- Try it
Exactly the lines below from the line with "Mask Singer : Kev" through the line with "Deep soaking bathtub" must make up the answer, both ends included and pictures left out.

----- Source material -----

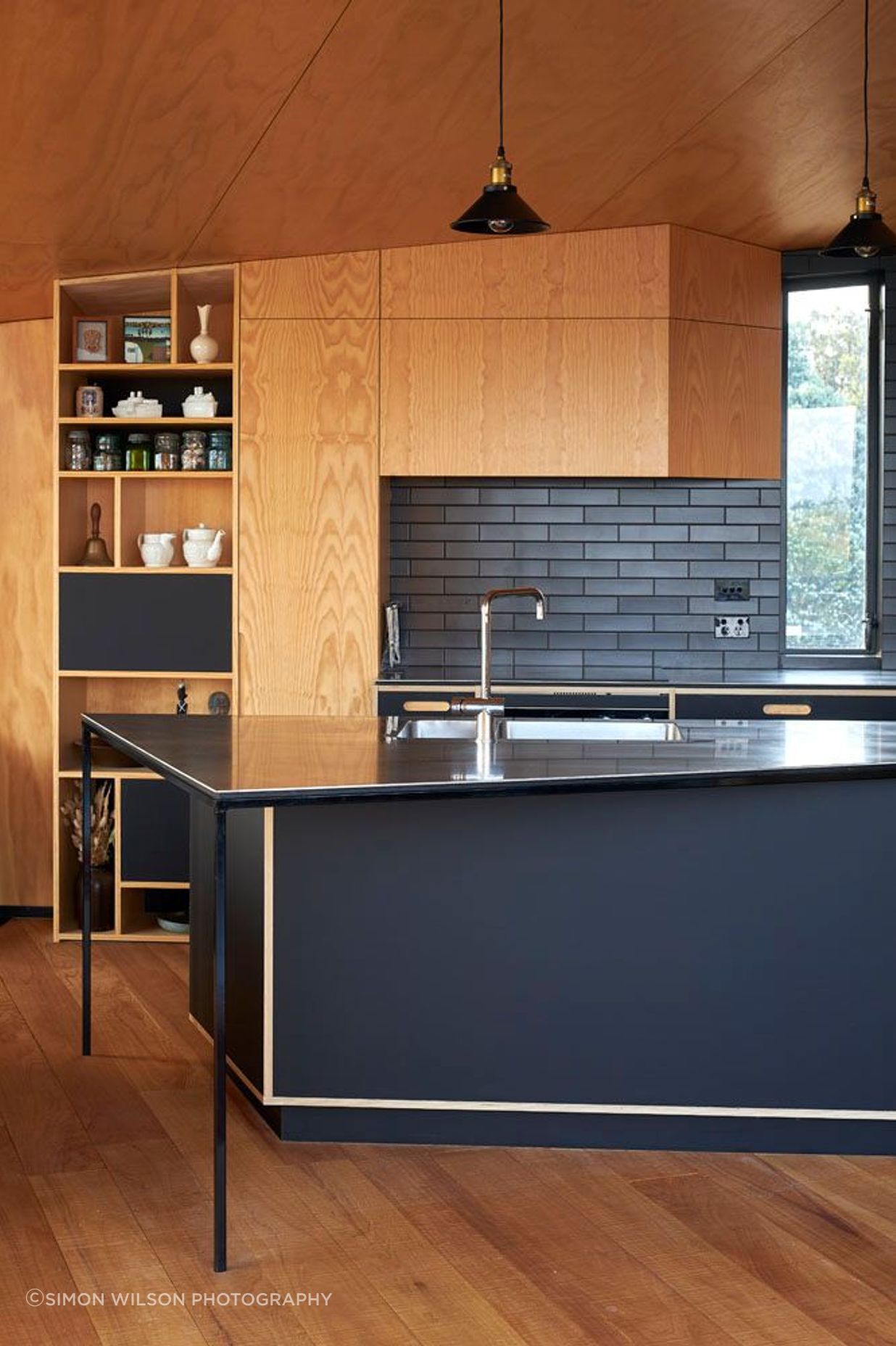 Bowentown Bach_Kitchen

-----
----- Source material -----

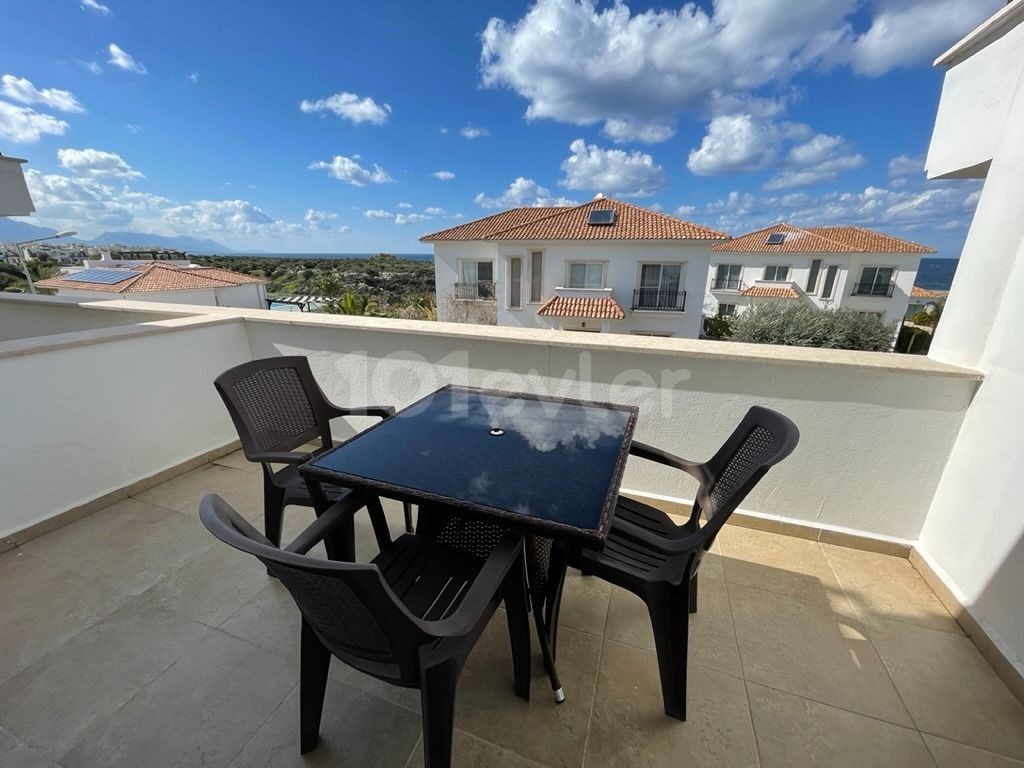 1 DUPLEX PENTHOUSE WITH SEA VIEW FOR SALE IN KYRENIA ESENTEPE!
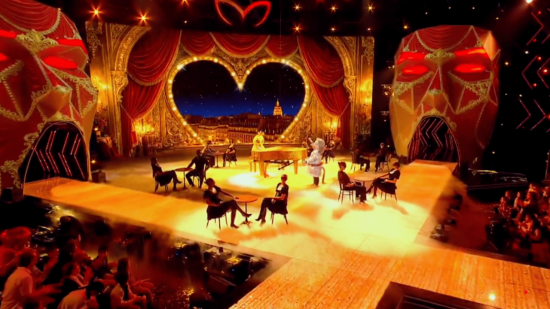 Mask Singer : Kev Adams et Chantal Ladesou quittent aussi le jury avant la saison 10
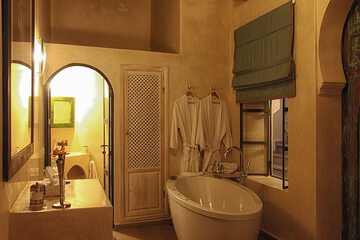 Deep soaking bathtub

-----
----- Source material -----

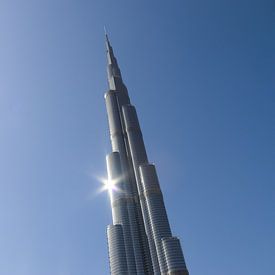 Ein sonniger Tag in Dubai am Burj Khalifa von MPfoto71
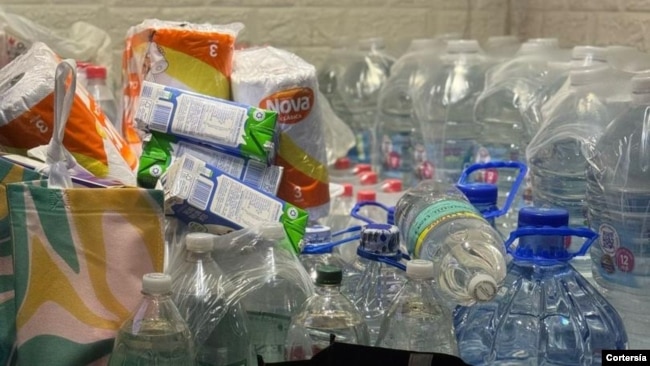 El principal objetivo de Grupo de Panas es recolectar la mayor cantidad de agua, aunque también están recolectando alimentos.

-----

- Response to this task
 Mask Singer : Kev Adams et Chantal Ladesou quittent aussi le jury avant la saison 10
 Deep soaking bathtub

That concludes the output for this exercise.